Tanner arranged the details of the episode to fit a keen sense of dramatic priority, placing the Margaretta in the grand Lexington-centered narrative of the Revolution, and filling in the gaps using literary models of characterization. She created, in other words, a very pleasing narrative.
Naval Battle at Machias, 1775
Maine Historical Society
The point of that narrative was to make an important moral statement about the people of Machias.
The Margaretta affair, as presented in the Pageant, shows that resistance to tyranny — the inherent principle of the American Revolution — had already become a full blown flower in the hearts of the people of Machias, a flower blessed and legitimized by the rider from Lexington — even before the ship had arrived.
The erection of O'Brien's liberty pole, in particular, was a sign of the purity of their purpose and their right to be considered true and original Americans. The subsequent battle, in other words, is just the outward sign of an inner conviction.
Historical pageants are collections of vignettes designed to dramatize — usually for an audience that already knows the basic story — the key episodes or peak moments in the creation of a community's history.
The stuff that goes between — the historical context — is usually left out on purpose.
In this the pageant provided for the citizens of Machias mythological signposts in the sacred narrative of identity. The myth is still alive and well today in Machias.
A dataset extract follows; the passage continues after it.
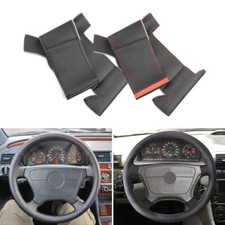 Black Lenkrad Lenkradbezug For Mercedes Benz C-Class W202 CL-Class C140 E W210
There's some truth to the pageant and the other narratives. But a critical look at the historical record demonstrates that a different interpretation is not only possible but absolutely necessary.
A critical look suggests that local history has been distorted, doctored and simplified in order to make it conform to the greater narrative. Restoring the details must change and in some sense enrich the way we think about Machias. Machias, as it turns out, can stand in the center of its own circle.
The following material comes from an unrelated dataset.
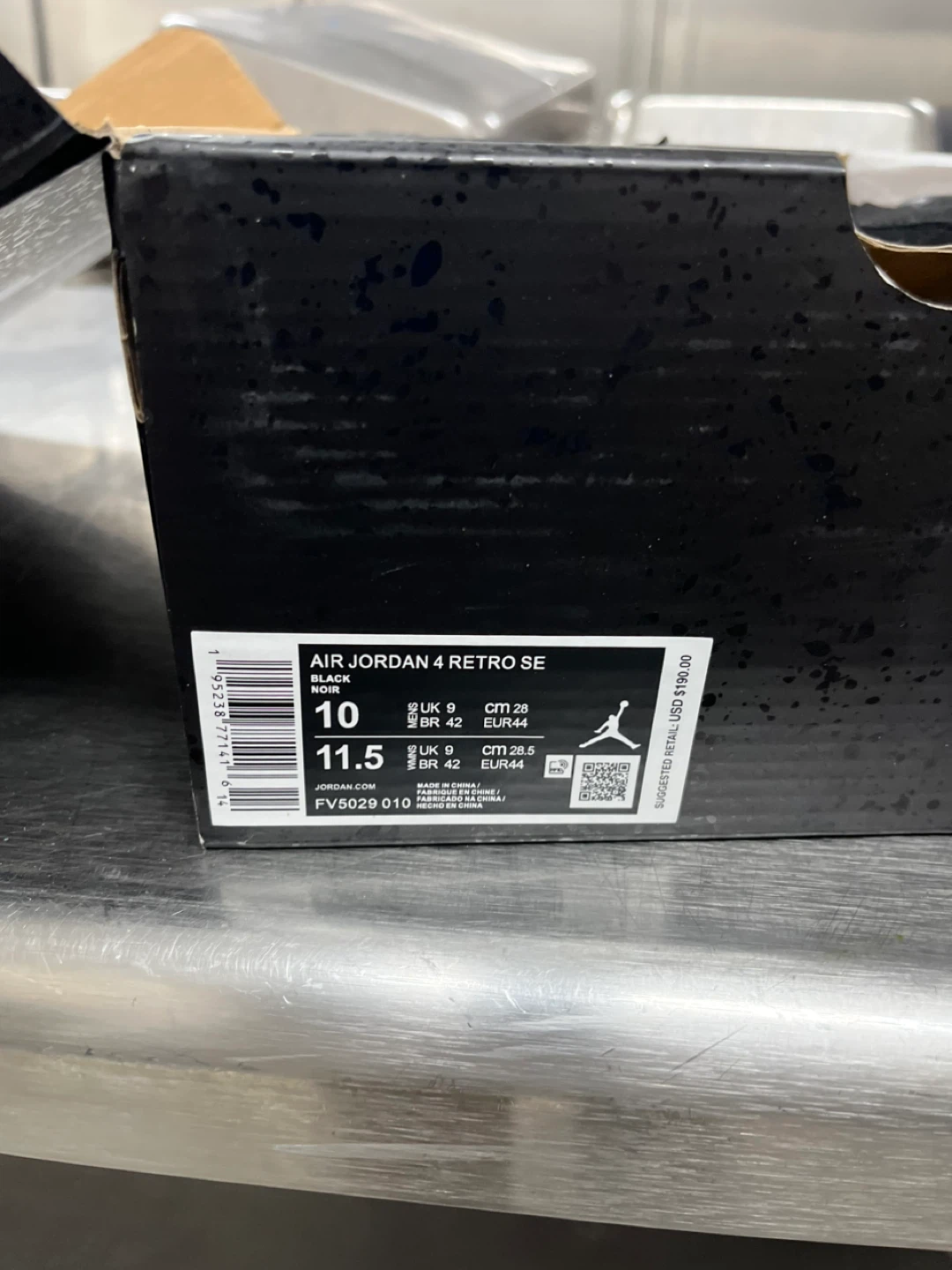 Air Jordan 4 Retro SE Black  Men's Shoes - photo 2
There are three main distortions in the story: First, there likely was no liberty pole. A liberty pole was constructed in Machias in 1777 – to commemorate the events of 1775. It was not present to ignite them.
Hand-to-hand battle on 'Margaretta,' Machias, 1775
Maine Historical Society
Second, though the Black slave London Atus was a real historical figure, his role in the Margaretta affair was fabricated. He did serve during the Revolution and bought his freedom.
Third, and perhaps most important of all, the central role of Ichabod Jones and his political sympathies begins to lose significance and focus.
Jones, a Boston merchant who had invested in the sawmill operations that founded Machias in 1763 and sustained it thereafter, controlled the economic life of the town, especially trade by sea with Boston, an exchange of lumber-for-provisions that was the town's lifeline.
His nephew Stephen Jones, one of Machias's leading citizens, ran the family store and looked after his uncle's other holdings. His son and brother were involved in business ventures in what are now Jonesport and Gouldsborough.
By 1775, however, through the Coercive Acts, the British had closed the Port of Boston to teach the colonists a lesson, thus cutting off supplies of every kind. In response, the radical or Whig faction of the Continental Assembly called for a boycott of all trade with Britain.
In the tremendous political tensions of the period, the question of whether to continue dealing with the British — long an absolute economic necessity for the towns of Maine — became a major political fault line and a test of American patriotism.